Would that I had only found The Path prior to giving my presentation!  Here is a game that bears much of the earmarks of Fine Art while simultaneously being so well done that I could not accuse it of being pretentious trash. I probably could have focused completely on it for my 12 minute presentation and have met the mutual satisfaction of myself and the Fine Arts class.   Oh well, that’s retrospect for you.

Merry Recession-mas!

Being a full-time college/university student for a little over 4 years now, I really learned to pinch my pennies. That shiny $60 game released today may well be worth $20 a few months from now if you’re willing to wait it out. Instant gratification is all well and good… but there’s something to be said for frugality.

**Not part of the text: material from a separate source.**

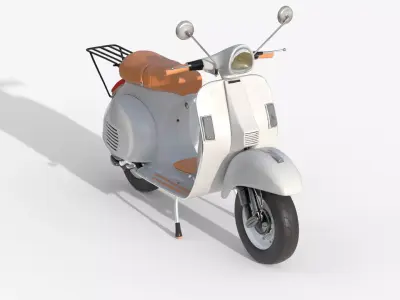 Classic Vintage Scooter - White Retro 3D model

My current favorite of the lot: Mechanarium.   Sure, completable in one evening, but a real feast for the senses and with puzzles that are just right in terms of difficulty.

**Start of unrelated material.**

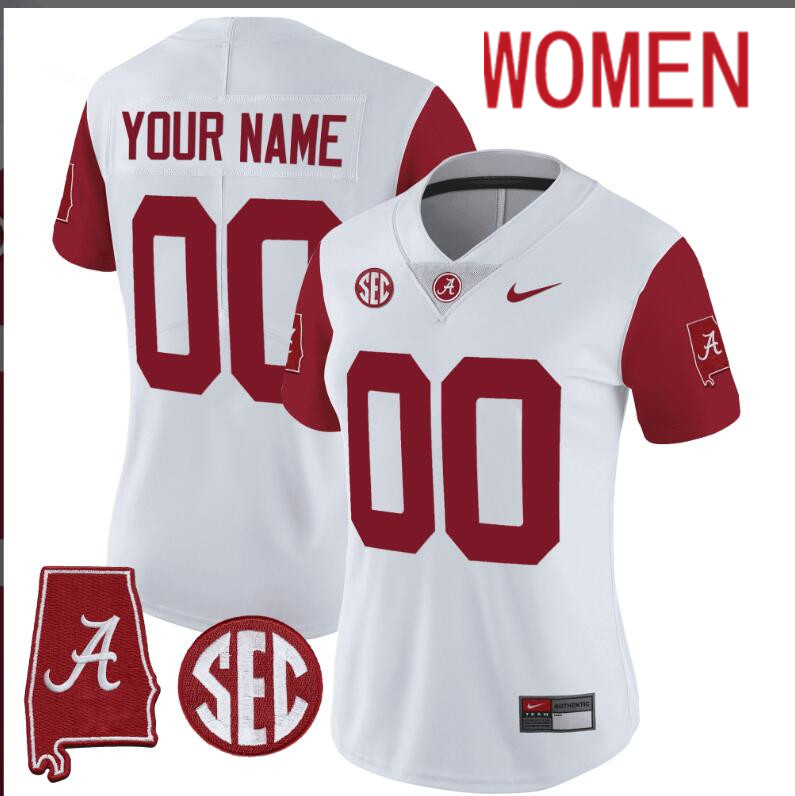Women Alabama Crimson Tide Vapor Limited white Custom 2024 Nike NCAA Jersey 7->customized nfl jersey->Custom Jersey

Indeed, between Direct2Drive’s “21 days of Christmas” sale and Steam’s Holiday sale, it has been a very good month to be a frugal gamer.  I suspect I can blame the recession for a lot of this – with everyone’s wallets being a bit tighter, purveyors of fine digital entertainment have been forced to make compromises.  Some of the more interesting deals I picked up:

  • Genre-rocking immersive behemoth Grand Theft Auto IV for $7.50 (75% off).
  • Quality medieval games Drakensang and Mount and Blade for $5.00 apiece.  (Over 80% off,)
  • Excellent indy games Audiosurf and Braid for $5 each.  (75-80% off).
  • Innovative if forgettable genre breaker Mirror’s Edge for $5.00 (75% off).
  • Indy city builder/RPG hybrid Hinterland: Orc Lords $6.50 (75% off).
  • A city builder RTS with RPG undertones, Majesty 2: The Fantasy Kingdom Sim for $7.50. (75% off)
  • Turn-based strategy RPG hybrid King’s Bounty: Armored Princess for $9.99 (75% off).

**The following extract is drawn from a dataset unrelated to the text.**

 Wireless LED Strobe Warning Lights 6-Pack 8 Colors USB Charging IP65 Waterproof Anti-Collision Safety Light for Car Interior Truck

In addition to the “wow” deals above, I also pulled some pretty decent 50% off deals such as:

  • Quite good indy-made Mechanarium and Torchlight for $10 apiece.
  • Behemoths of yesteryear, Prototype and Command And Conquer Red Alert 3 (including Uprising expansion) for $20 apiece.
  • Quality indy adventure games of Samorost 2 and a package of Zombie Cow adventure games (“Ben There, Dan That!” and “Time, Gentlemen, Please!”) for $2.50 apiece.

This is to say nothing for the gifts I received this year, including the complete Lucasarts adventure pack, Red Faction: Guerrilla, Borderlands Zombie Island DLC, and Left4Dead 2.

Overall, my gaming cup runneth over once again. Through, like many aspiring game designers, most of these games won’t get more than a few hours of play from me, it seems I’ve now a goodly amount of research materials.